7. Michelle Williams
Here's another head-scratcher; who'd have thought Michelle Williams would be Dawson's Creek's break-out movie star? In that way, I always feel really bad for James Van Der Beek. Blue Valentine is sad enough on its own accord, but for Der Beek it must be absolutely DEVESTATING. Like, this much devestating. That said, Katie Holmes certainly could have gone the distance, but then she got involved with Tom Cruise and now she probably walks around trying to wield Nicole Kidman as a shield against whoever's hit-list she's on.
8. Ben Affleck
This one was just too obvious to leave out. What's amazing about Affleck's career is the man managed to start off by winning an Oscar (with BFF Matt Damon for Good Will Hunting's screenplay), then cranked out a series of abominations which completely destroyed his career (Gigli, Daredevil – I'll stop before I get too sad), only to then achieve a complete 180 and come out the other end as a highly-respected Oscar-winning director. The lesson to be learnt here? For the love of god, never date Jennifer Lopez; she will destroy you.
9. Keifer Sutherland
TV is certainly the place to resurrect a dying career. Alec Baldwin on 30 Rock, Rob Lowe on Parks and Recreation, Kevin Spacey on House of Cards (yeah, I called it, the guy's only made like two great movies in the past ten years). However, it's arguably Keifer Sutherland's lead in 24 that really wins the prize here.

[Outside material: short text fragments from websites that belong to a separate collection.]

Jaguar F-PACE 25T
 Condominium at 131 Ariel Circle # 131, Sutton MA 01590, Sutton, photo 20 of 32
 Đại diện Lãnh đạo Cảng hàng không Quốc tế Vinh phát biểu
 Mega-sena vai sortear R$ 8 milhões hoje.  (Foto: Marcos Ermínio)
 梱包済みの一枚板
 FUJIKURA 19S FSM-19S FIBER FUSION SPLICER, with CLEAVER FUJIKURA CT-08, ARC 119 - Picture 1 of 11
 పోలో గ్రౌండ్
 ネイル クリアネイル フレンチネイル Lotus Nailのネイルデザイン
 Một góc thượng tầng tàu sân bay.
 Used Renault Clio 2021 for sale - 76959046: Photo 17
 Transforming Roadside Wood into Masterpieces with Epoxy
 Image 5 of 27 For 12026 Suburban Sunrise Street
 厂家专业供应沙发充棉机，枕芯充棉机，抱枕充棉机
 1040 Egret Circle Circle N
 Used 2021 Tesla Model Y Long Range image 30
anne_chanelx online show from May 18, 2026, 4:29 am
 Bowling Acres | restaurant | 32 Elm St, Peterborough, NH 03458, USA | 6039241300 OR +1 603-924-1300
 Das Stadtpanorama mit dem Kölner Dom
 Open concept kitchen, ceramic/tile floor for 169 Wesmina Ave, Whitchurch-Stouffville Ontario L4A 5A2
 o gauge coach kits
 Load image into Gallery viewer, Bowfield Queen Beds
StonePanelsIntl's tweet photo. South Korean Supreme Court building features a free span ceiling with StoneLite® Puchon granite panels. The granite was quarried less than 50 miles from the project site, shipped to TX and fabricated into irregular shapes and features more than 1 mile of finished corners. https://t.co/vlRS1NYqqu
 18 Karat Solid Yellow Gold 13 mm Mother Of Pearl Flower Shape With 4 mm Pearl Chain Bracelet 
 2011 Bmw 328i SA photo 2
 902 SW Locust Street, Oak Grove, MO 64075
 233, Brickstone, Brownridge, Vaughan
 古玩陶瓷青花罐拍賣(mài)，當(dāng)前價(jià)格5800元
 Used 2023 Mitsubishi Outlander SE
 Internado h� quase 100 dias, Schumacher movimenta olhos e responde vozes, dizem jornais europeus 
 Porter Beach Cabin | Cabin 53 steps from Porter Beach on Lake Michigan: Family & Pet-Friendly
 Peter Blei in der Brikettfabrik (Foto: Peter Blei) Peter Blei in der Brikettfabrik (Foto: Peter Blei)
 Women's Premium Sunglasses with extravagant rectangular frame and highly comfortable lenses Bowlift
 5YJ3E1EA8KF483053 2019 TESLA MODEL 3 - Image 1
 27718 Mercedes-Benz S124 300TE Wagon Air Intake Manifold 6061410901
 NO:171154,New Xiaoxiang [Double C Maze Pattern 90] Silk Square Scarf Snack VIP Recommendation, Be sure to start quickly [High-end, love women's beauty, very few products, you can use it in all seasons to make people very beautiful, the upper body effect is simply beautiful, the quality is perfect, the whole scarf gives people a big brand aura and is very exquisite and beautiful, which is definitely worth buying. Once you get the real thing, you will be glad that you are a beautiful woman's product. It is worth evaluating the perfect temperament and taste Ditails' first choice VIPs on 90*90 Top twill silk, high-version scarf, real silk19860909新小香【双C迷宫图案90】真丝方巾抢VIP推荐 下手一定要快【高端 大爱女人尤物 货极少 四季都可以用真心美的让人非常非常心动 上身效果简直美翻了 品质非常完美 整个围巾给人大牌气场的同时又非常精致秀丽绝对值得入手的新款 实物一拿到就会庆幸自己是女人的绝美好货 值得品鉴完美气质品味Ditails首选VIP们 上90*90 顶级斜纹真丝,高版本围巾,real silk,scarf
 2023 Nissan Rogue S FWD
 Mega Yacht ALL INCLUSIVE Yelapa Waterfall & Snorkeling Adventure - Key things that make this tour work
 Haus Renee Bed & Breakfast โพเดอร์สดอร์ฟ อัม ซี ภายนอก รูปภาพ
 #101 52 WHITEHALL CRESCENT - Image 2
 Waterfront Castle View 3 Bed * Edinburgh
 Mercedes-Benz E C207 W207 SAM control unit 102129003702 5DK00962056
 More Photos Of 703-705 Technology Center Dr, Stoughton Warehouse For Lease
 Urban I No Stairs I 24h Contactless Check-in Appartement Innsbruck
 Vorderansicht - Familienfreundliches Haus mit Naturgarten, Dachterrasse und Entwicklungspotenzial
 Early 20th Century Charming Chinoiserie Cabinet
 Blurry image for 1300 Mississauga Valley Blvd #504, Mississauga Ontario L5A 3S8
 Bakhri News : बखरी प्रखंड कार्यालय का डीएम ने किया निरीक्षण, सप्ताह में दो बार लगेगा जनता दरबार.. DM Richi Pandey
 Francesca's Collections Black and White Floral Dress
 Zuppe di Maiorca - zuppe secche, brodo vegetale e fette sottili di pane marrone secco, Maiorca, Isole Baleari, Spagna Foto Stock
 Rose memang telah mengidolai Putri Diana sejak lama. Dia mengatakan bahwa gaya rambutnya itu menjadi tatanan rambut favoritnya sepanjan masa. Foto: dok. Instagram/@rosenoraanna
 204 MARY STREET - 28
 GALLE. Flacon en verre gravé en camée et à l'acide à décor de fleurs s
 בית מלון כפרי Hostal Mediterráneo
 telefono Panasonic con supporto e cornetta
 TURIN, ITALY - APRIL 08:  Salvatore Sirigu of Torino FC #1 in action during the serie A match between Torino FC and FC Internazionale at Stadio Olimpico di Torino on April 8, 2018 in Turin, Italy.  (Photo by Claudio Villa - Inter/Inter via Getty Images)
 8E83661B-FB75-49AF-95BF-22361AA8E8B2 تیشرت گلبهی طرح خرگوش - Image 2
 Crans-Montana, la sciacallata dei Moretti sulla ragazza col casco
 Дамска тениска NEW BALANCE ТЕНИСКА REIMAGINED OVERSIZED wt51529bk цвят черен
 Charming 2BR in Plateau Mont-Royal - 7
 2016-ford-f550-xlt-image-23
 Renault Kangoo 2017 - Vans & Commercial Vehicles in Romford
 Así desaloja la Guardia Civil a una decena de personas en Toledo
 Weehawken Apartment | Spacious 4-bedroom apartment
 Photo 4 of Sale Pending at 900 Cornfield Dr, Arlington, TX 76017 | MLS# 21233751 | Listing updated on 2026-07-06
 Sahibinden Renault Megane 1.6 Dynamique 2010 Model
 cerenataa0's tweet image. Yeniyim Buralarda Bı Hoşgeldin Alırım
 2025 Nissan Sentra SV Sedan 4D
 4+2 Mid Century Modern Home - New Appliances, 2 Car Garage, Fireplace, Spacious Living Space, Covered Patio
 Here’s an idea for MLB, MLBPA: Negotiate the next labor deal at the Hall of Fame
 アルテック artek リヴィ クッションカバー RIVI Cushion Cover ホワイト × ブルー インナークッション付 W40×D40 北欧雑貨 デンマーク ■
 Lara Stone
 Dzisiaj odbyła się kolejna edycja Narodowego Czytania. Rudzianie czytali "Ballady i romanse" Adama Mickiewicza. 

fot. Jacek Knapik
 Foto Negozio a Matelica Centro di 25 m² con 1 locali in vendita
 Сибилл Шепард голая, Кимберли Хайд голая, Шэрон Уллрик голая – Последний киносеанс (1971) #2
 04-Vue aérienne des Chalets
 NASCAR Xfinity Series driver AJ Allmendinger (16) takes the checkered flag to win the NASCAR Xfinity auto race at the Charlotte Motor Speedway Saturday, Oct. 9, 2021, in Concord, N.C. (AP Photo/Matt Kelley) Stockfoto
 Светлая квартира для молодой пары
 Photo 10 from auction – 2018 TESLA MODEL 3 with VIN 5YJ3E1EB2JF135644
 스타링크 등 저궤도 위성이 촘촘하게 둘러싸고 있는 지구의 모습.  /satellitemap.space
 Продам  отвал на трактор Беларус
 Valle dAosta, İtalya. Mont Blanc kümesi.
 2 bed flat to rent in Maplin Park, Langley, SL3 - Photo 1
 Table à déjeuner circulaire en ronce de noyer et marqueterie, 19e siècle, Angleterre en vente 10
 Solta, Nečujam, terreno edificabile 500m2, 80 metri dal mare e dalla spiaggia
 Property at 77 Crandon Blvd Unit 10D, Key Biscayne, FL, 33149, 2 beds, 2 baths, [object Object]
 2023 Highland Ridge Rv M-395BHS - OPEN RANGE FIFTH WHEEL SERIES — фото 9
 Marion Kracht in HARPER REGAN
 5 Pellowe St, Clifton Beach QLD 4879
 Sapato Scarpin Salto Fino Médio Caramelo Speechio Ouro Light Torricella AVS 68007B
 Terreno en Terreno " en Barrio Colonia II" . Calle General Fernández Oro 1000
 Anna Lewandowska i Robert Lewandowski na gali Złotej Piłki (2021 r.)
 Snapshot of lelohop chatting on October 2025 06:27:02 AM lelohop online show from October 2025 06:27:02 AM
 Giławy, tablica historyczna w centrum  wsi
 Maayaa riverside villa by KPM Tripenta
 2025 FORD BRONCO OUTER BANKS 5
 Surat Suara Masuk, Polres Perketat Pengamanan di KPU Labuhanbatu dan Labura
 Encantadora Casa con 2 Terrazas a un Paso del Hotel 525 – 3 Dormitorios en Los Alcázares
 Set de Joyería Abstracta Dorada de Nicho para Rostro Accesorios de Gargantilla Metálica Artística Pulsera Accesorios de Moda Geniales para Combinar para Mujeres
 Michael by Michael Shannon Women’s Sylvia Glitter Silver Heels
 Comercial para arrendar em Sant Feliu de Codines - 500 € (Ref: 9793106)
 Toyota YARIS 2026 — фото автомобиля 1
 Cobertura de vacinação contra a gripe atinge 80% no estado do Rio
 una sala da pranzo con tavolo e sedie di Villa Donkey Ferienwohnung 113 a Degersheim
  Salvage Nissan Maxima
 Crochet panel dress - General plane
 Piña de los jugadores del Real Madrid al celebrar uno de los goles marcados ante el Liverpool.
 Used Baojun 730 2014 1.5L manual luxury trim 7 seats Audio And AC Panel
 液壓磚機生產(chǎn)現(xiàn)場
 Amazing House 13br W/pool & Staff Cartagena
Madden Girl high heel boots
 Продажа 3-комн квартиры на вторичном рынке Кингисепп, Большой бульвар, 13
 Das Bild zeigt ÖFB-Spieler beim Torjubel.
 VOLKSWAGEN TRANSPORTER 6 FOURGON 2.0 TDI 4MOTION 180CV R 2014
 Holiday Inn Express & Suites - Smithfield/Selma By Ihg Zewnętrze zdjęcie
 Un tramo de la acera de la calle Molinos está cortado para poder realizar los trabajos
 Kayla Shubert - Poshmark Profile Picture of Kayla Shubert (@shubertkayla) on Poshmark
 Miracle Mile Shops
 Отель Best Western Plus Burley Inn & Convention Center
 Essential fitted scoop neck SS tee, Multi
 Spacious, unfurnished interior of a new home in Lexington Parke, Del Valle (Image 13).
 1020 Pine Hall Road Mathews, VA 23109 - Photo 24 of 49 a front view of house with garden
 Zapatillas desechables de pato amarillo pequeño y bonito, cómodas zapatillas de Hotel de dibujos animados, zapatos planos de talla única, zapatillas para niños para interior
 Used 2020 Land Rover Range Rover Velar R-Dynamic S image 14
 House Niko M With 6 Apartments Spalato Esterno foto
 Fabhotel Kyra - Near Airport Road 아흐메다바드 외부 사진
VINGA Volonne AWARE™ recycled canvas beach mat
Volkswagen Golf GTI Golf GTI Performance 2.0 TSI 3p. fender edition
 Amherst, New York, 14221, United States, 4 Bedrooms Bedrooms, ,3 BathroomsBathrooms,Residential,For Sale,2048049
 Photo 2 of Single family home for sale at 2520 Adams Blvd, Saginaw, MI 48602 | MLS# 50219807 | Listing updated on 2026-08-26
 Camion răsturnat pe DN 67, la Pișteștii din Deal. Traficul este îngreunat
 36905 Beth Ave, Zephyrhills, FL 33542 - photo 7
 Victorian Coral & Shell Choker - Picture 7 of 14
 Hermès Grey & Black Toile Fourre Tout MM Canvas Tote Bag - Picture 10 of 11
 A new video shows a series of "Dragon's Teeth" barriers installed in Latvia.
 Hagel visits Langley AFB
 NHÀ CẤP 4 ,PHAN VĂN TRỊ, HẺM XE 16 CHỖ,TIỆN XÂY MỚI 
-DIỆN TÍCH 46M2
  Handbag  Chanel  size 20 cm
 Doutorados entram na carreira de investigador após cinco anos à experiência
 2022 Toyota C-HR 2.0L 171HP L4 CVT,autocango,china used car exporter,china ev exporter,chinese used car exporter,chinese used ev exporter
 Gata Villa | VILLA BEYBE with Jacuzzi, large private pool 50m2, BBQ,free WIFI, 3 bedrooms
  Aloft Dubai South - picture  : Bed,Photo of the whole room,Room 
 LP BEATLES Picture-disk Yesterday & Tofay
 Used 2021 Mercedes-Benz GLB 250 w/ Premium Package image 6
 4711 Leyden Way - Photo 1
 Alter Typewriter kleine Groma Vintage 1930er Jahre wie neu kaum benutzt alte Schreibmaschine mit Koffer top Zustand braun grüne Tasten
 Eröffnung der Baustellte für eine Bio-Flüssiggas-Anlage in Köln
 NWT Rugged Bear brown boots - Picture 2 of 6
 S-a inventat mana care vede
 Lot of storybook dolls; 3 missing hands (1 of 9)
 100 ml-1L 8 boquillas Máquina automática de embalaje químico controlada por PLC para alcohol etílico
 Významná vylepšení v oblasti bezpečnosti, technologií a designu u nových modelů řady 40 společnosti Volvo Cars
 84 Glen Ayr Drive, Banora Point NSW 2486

Which is almost a shame because Jack Bauer is so iconic it makes people forget that he was once the 80s' answer to Edward Cullen. Except 1,000 times better because The Lost Boys is an awesome movie.
10. John Travolta
OK, so maybe he hasn't made the best of the turnaround Pulp Fiction offered him. Wild Hogs and Old Dogs may sound like the same movie but I can assure you they are completely separate family-friendly comedies, although they are similar in the way watching them makes me hate children and the fact their existence means movies like Wild Hogs and Old Dogs have to be made. But looking back to 1994, Tarantino really did Travolta a favour taking him from fading teen idol to legitimate leading man. But then he went and did Battlefield Earth and ruined everything for everyone.